A proposta do governo de Luiz Inácio Lula da Silva (PT) de incentivo financeiro à permanência de estudantes no ensino médio pode configurar uma espécie de “contabilidade criativa” na opinião de economistas. A razão é que o projeto que institui o mecanismo excetua os recursos que a União destinará à nova política pública do limite de despesas previsto para 2023.
O governo federal pode participar do fundo que financiará o programa com até R$ 20 bilhões, na forma de ações de estatais ou aportes diretos. “Vale observar que o limite de despesa de 2023 já foi ultrapassado em R$ 5 bilhões, o que levou ao contingenciamento de igual valor”, destaca Felipe Salto, economista-chefe da Warren Investimentos.

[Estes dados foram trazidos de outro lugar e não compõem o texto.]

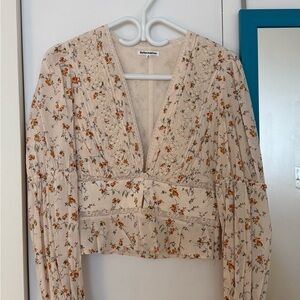 Reformation Cream Floral V-Neck Blouse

“Seja qual for o montante aportado, a consequência será a piora do já elevado déficit público de 2023, projetado pelo governo federal em R$ 177,4 bilhões ou R$ 172,4 bilhões, considerando-se o contingenciamento”, diz o economista.

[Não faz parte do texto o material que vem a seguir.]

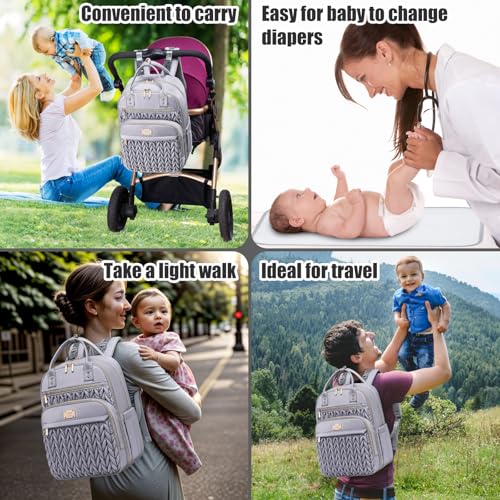 Tealari Diaper Bag Backpack,Stylish Baby Diaper Bag,Waterproof Travel Diaper Backpacks Baby Bags with Changing Pad,Stroller Straps,Insulated Pockets (Gray) - color: Gray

Na terça-feira (27), uma medida provisória (MP) editada pelo presidente estabeleceu as diretrizes do programa, que será gerido pelo Ministério da Educação (MEC). Conforme o texto, o fundo será operacionalizado pela Caixa Econômica Federal e, além da União, terá a participação de outros cotistas, pessoas físicas ou jurídicas, de direito público ou privado.
A MP também prevê articulação com estados, municípios e o Distrito Federal, com a intenção de potencializar esforços para redução da evasão escolar dos jovens atendidos.

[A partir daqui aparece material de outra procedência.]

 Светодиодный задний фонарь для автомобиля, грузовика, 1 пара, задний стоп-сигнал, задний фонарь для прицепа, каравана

A ideia é que estudantes de baixa renda, incluídos no Cadastro Único, passem a receber uma bolsa mensal e tenham direito a uma poupança, que poderá ser sacada ao fim do ensino médio. A intenção é reduzir a evasão nessa etapa, que chega a 16%, segundo o MEC.
Para ter acesso à poupança, o aluno precisará ter frequência mínima, garantir aprovação ao fim do ano letivo e fazer a matrícula no ano seguinte, quando for o caso. A regra também exige participação em provas como o Exame Nacional do Ensino Médio (Enem).
“Um ato conjunto dos ministros da Educação e da Fazenda vai definir valores, formas de pagamento, critérios de operacionalização e uso da poupança de incentivo à permanência e conclusão escolar”, diz nota divulgada pelo Palácio do Planalto.
Simulações do MEC obtidas pelo jornal “Folha de S.Paulo” indicam que as bolsas mensais ficariam em torno de R$ 167 por aluno, e o saldo da poupança ao final do curso chegaria a R$ 3 mil.
Na quarta-feira (29), projeto de lei complementar que permite o uso de recursos do Fundo Social para custear despesas com programa (PLP 243/2023) foi aprovada no Senado com 61 votos favoráveis e nenhum contrário. O texto, de autoria do senador Humberto Costa (PT-PE), foi aprovado na forma do substitutivo do relator, senador Randolfe Rodrigues (sem partido-AP).
O Fundo Social foi criado pela Lei 12.351, de 2010, com o intuito de direcionar para a educação recursos gerados pela exploração do petróleo extraído da camada pré-sal. A proposta, que agora segue para a Câmara, autoriza o uso do superávit financeiro do fundo, em 2023, para financiar o programa.
O resultado unânime no Senado foi fruto de acordo entre base governista e oposição, no qual o governo se comprometeu a retirar da MP alguns dispositivos como a permissão para excepcionalizar os recursos de leilões do pré-sal.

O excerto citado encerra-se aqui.